You are viewing a plain text version of this content. The canonical link for it is here.
Posted to dev@bigtop.apache.org by Konstantin Boudnik <co...@apache.org> on 2011/10/01 01:38:11 UTC
Re: Deciding on the Hadoop version for Bigtop 0.2.0

Roman,

in the proposed form choice 1) is pretty much obvious. However, the great idea
of BigTop (or rather its intellectual ancestor iTest) is to be able to tailor
BigData stacks for your own liking (for a reference he's the early slide deck
we've put on iTest http://www.scribd.com/doc/63012489/Big-Data-Stacks-Validation).

IMO this is a very important feature and just from the point of view of
proving the versatility of the concept it makes sense to go with option 2)
below even if the stack in question will be limited to a somewhat lesser ## of
components. For this option it'd be great to have more components on board. I
have looked through the list of JIRA below, but they look like place holders
now and don't provide much info about what's the problem exactly. Say, I took
a look at the latest failing build of sqoop and it seems like a problem with 

[ivy:resolve]   io problem while parsing ivy file:
http://repo1.maven.org/maven2/org/apache/velocity/velocity/1.7/velocity-1.7.pom:
Resetting to invalid mark
[ivy:resolve]       module not found: org.apache.velocity#velocity;1.7

which might be an easy thing to fix. I can take a look at this and perhaps fix
it.
I also have updated Oozie ticket - another dep. problem, which needs to be
looked upon by some of Oozie experts.

I wouldn't do anything about 3) as well - this project can't fix 0.20.2xx
singlehandedly unless there's a buy-out from a wider Hadoop community.
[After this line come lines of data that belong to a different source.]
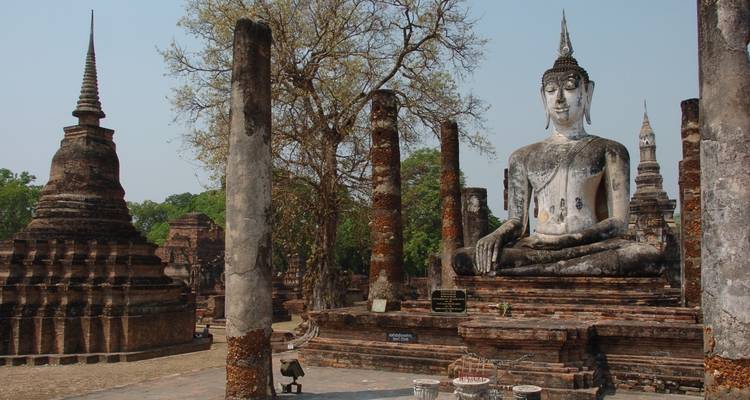 Gran estatua de Buda sentado entre ruinas antiguas.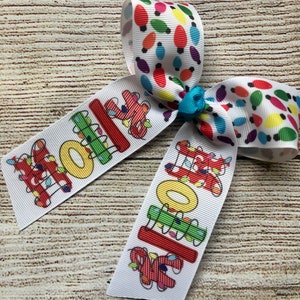 May include: A white hair bow with a red, green, yellow, and blue "HOLIDAY" design with colorful light bulbs. The bow is tied with a turquoise ribbon.
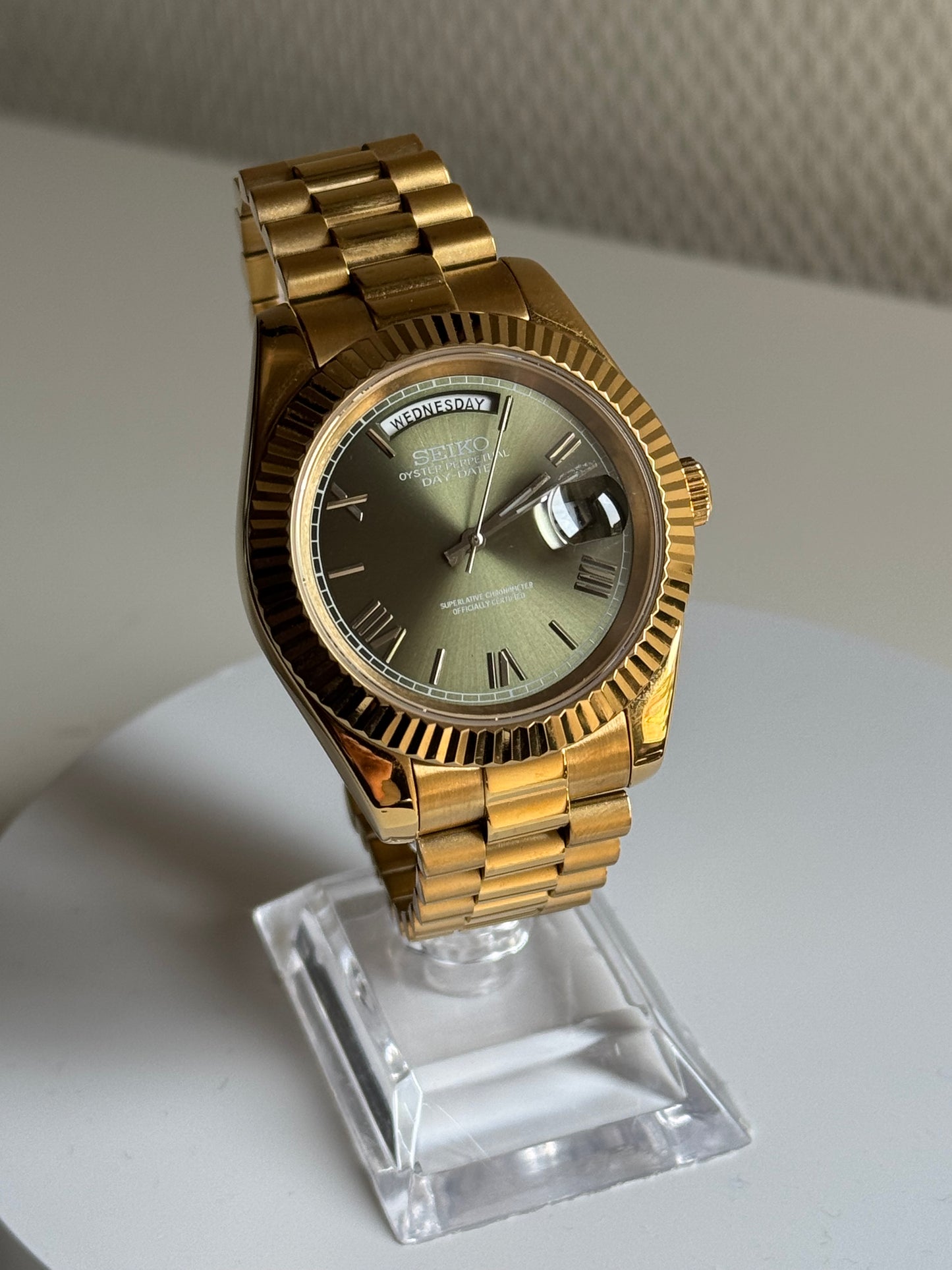 Seiko date mint groen goud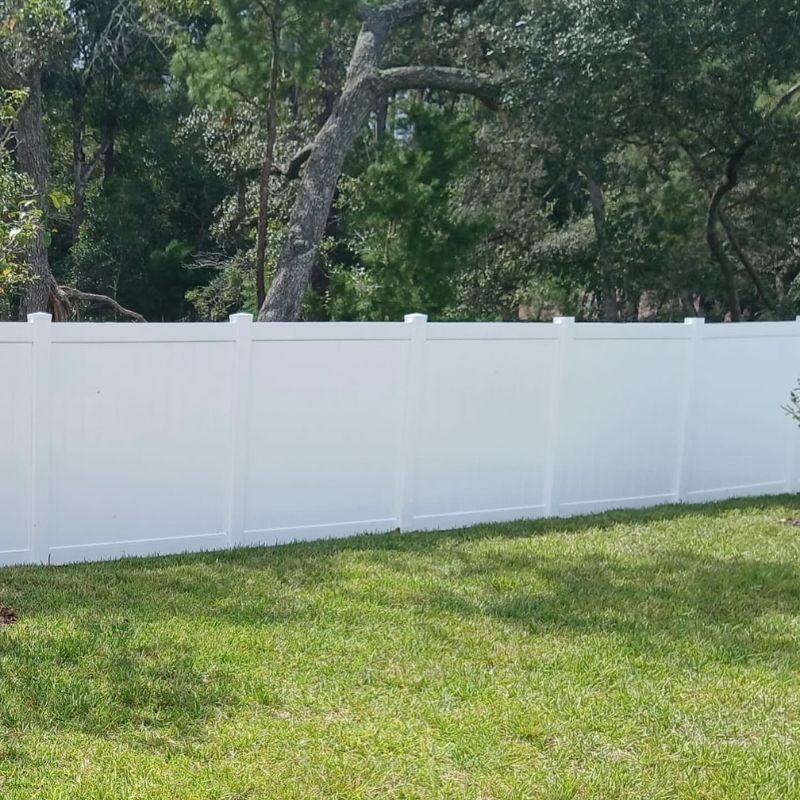 Vinyl privacy fence installed by Top Rail Fence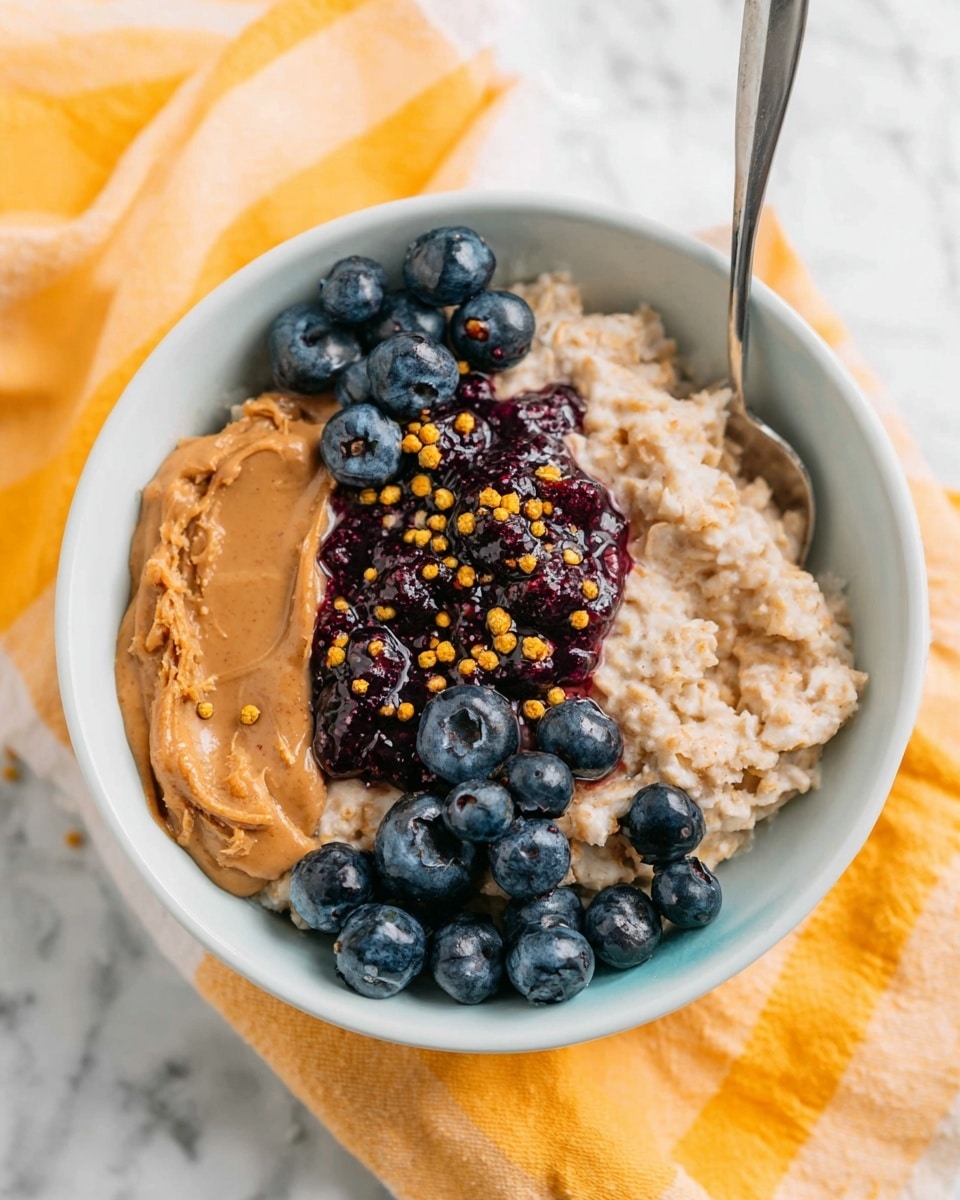 A white bowl filled with creamy oatmeal forms the base layer, topped with a layer of smooth, light brown peanut butter spread across one side. Next to this is a dollop of dark purple jam, slightly shiny and thick, placed between the peanut butter and fresh blueberries. The blueberries are scattered on one side, round and deep blue with a slight shine. On top of the peanut butter, there are scattered small yellow bee pollen granules adding texture. A metal spoon rests inside the bowl with its handle extending out. The bowl sits on a soft white and yellow cloth, all placed on a white marbled surface. Photo taken with an iphone --ar 4:5 --v 7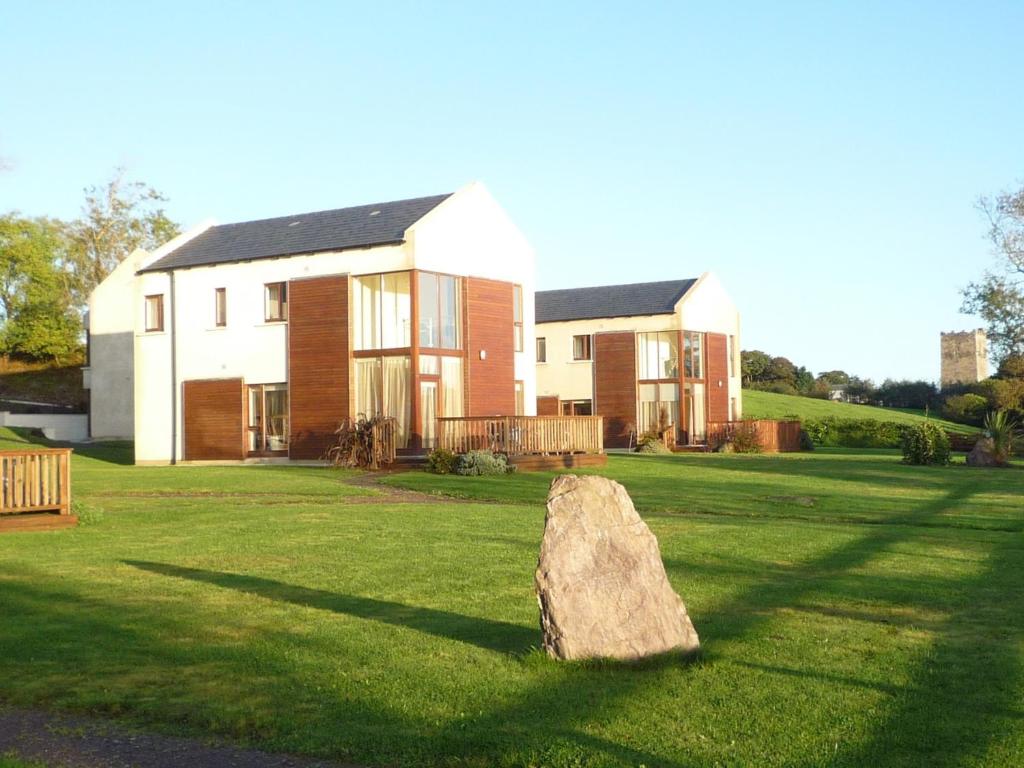 a large rock sitting in the grass in front of a house at Castle Quay Holiday Homes in Kinsale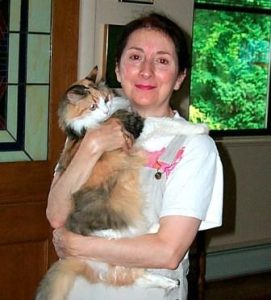 Susan Ferrandiz holding a cat.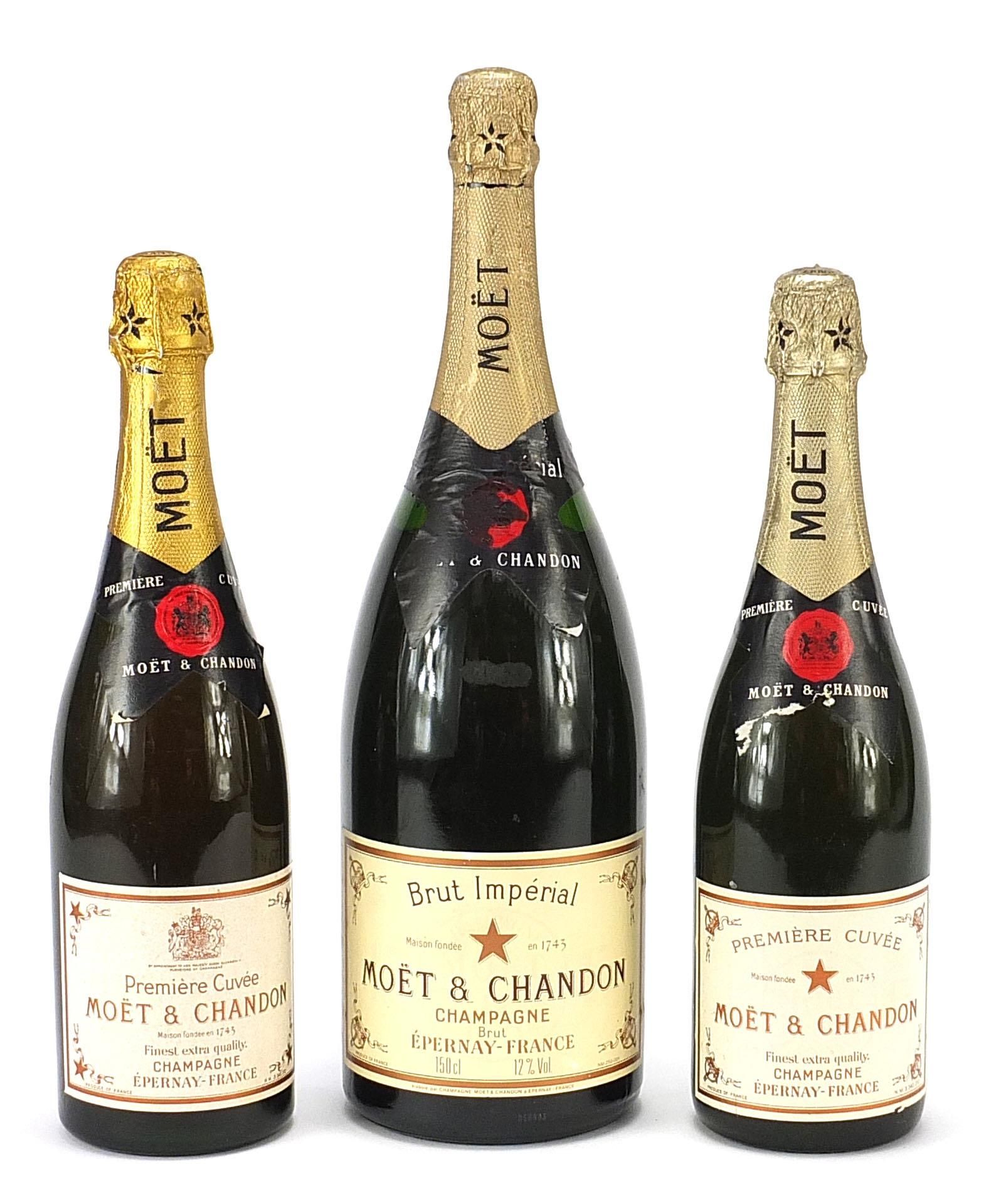 Three bottles of Moet & Chandon Champagne including a magnum example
However, if the consensus is to stick with 0.20.2 which is currently most
accepted Hadoop version or so I believe for the purpose of 0.2.0 release let's
have 0.3.0 right after for Hadoop 0.22 - I don't see any problems with
multiple release chasing each other like that.

Hope it makes sense ;)
  Cos

On Fri, Sep 30, 2011 at 12:06PM, Roman Shaposhnik wrote:
> Hi!
> 
> By now it is obvious that the decision on what version of Hadoop to use
> for Bigtop 0.2.0 is not going to be an easy one ;-)
> 
> So far we've got the following choices:
>    1. Do nothing and stick with 0.20.2. This is not all that bad, I suppose,
>        we've got tons of updates to the Bigtop to justify a release. But it
>        feels a little bit anticlimactic in a sense that Bigtop 0.3.0 is very
>        likely to be on top of 0.23 and I really would like to have a chance
>        of having a Bigtop release on top of the last MR1.
>    2. Target upcoming Hadoop 0.22. This is going to break all of the
>        downstream except for HBase. Here's a list of JIRAs filed:
>            https://issues.apache.org/jira/browse/SQOOP-354
>            https://issues.apache.org/jira/browse/PIG-2277
>            https://issues.apache.org/jira/browse/OOZIE-565
>            https://issues.apache.org/jira/browse/HIVE-2468
>            https://issues.apache.org/jira/browse/MAHOUT-822
>         As you can see, most of the downstream is OKins with
>         implementing the changes in time for .23, but not necessarily
>         in time for .22 and Bigtop 0.2.0.
>    3. Target 0.20.205.0. The downside there is that unless the following
>         build issues are resolved, we can't even compile it on the platforms
>         Bigtop cares about:
>              https://issues.apache.org/jira/browse/HADOOP-6436
>              https://issues.apache.org/jira/browse/MAPREDUCE-2127
>              https://issues.apache.org/jira/browse/HDFS-2327
> 
> For #2 and #3 we can, potentially, mitigate the timing issue by patching
> the downstream locally at the Bigtop level. Do we want to entertain such
> an idea?
> 
> Anyway, please chime in with your thoughts. It would be very nice to
> have Bigtop 0.2.0 fully tested and out sometime around first weeks of
> Nov. As such we have to make a decision on Hadoop rather soon.
> 
> Thanks,
> Roman.